◆ Work to be completed
Here, set down only the lines between the line that contains "Īdgāh average temperature in December" and the final line of the material, both included, exactly as written. Skip the pictures.
[[ Given data, beginning ]]
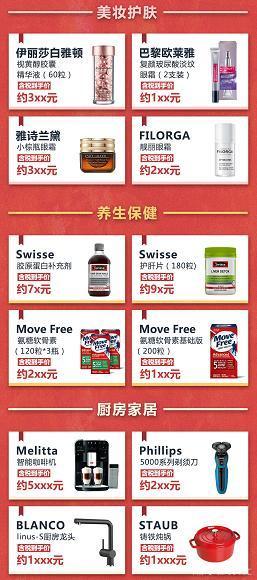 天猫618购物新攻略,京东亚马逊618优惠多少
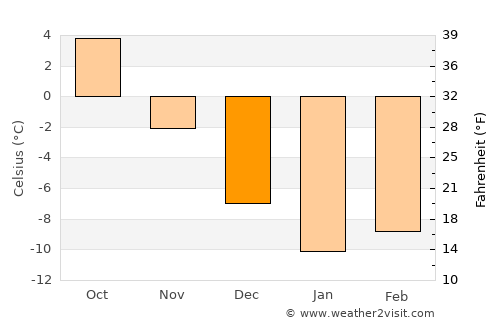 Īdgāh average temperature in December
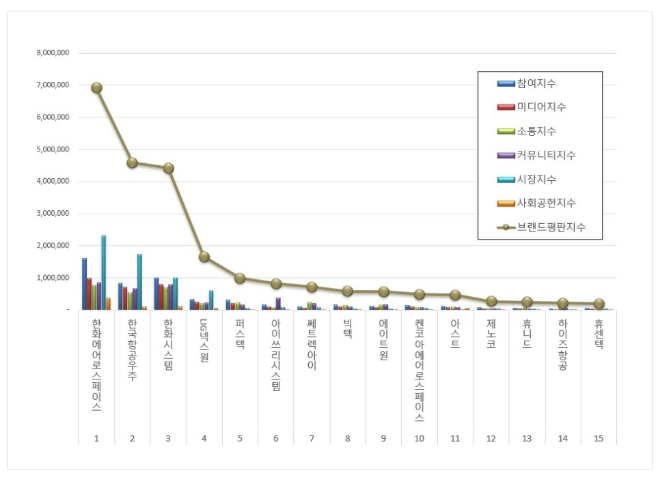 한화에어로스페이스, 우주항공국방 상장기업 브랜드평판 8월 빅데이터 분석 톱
[[ Given data, end ]]
◆ Exercise answer
 Īdgāh average temperature in December
 한화에어로스페이스, 우주항공국방 상장기업 브랜드평판 8월 빅데이터 분석 톱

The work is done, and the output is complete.